Saved data entries:

-*-

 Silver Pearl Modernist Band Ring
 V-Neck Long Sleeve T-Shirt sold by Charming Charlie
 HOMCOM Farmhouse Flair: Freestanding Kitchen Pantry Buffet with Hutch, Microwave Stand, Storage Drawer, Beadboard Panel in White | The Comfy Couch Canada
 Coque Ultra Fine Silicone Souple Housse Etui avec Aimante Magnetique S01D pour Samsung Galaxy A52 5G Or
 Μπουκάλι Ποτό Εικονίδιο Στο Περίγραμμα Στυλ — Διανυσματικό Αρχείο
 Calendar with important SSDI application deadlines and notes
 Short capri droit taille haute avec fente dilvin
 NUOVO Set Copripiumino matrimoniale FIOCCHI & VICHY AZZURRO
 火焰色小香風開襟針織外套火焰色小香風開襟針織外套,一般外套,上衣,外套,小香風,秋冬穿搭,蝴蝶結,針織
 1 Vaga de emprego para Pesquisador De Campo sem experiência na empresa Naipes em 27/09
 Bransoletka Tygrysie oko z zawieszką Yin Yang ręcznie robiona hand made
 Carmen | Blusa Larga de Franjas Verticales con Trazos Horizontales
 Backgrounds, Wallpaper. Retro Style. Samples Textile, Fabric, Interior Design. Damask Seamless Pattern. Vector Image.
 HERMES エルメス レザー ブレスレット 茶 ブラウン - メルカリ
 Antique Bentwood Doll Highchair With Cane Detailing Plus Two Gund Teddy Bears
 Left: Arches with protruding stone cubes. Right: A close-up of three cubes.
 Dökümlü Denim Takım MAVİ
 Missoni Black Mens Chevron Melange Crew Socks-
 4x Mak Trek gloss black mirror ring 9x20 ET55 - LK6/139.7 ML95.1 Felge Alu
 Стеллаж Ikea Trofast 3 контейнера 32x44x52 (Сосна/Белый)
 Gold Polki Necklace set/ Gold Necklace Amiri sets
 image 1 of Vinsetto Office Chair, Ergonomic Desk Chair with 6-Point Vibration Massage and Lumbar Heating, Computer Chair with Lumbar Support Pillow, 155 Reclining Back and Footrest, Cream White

-*-

**EXERCISE DIRECTIONS**: Reproduce the entries above exactly.

**WRITTEN SOLUTION**:
 Silver Pearl Modernist Band Ring
 V-Neck Long Sleeve T-Shirt sold by Charming Charlie
 HOMCOM Farmhouse Flair: Freestanding Kitchen Pantry Buffet with Hutch, Microwave Stand, Storage Drawer, Beadboard Panel in White | The Comfy Couch Canada
 Coque Ultra Fine Silicone Souple Housse Etui avec Aimante Magnetique S01D pour Samsung Galaxy A52 5G Or
 Μπουκάλι Ποτό Εικονίδιο Στο Περίγραμμα Στυλ — Διανυσματικό Αρχείο
 Calendar with important SSDI application deadlines and notes
 Short capri droit taille haute avec fente dilvin
 NUOVO Set Copripiumino matrimoniale FIOCCHI & VICHY AZZURRO
 火焰色小香風開襟針織外套火焰色小香風開襟針織外套,一般外套,上衣,外套,小香風,秋冬穿搭,蝴蝶結,針織
 1 Vaga de emprego para Pesquisador De Campo sem experiência na empresa Naipes em 27/09
 Bransoletka Tygrysie oko z zawieszką Yin Yang ręcznie robiona hand made
 Carmen | Blusa Larga de Franjas Verticales con Trazos Horizontales
 Backgrounds, Wallpaper. Retro Style. Samples Textile, Fabric, Interior Design. Damask Seamless Pattern. Vector Image.
 HERMES エルメス レザー ブレスレット 茶 ブラウン - メルカリ
 Antique Bentwood Doll Highchair With Cane Detailing Plus Two Gund Teddy Bears
 Left: Arches with protruding stone cubes. Right: A close-up of three cubes.
 Dökümlü Denim Takım MAVİ
 Missoni Black Mens Chevron Melange Crew Socks-
 4x Mak Trek gloss black mirror ring 9x20 ET55 - LK6/139.7 ML95.1 Felge Alu
 Стеллаж Ikea Trofast 3 контейнера 32x44x52 (Сосна/Белый)
 Gold Polki Necklace set/ Gold Necklace Amiri sets
 image 1 of Vinsetto Office Chair, Ergonomic Desk Chair with 6-Point Vibration Massage and Lumbar Heating, Computer Chair with Lumbar Support Pillow, 155 Reclining Back and Footrest, Cream White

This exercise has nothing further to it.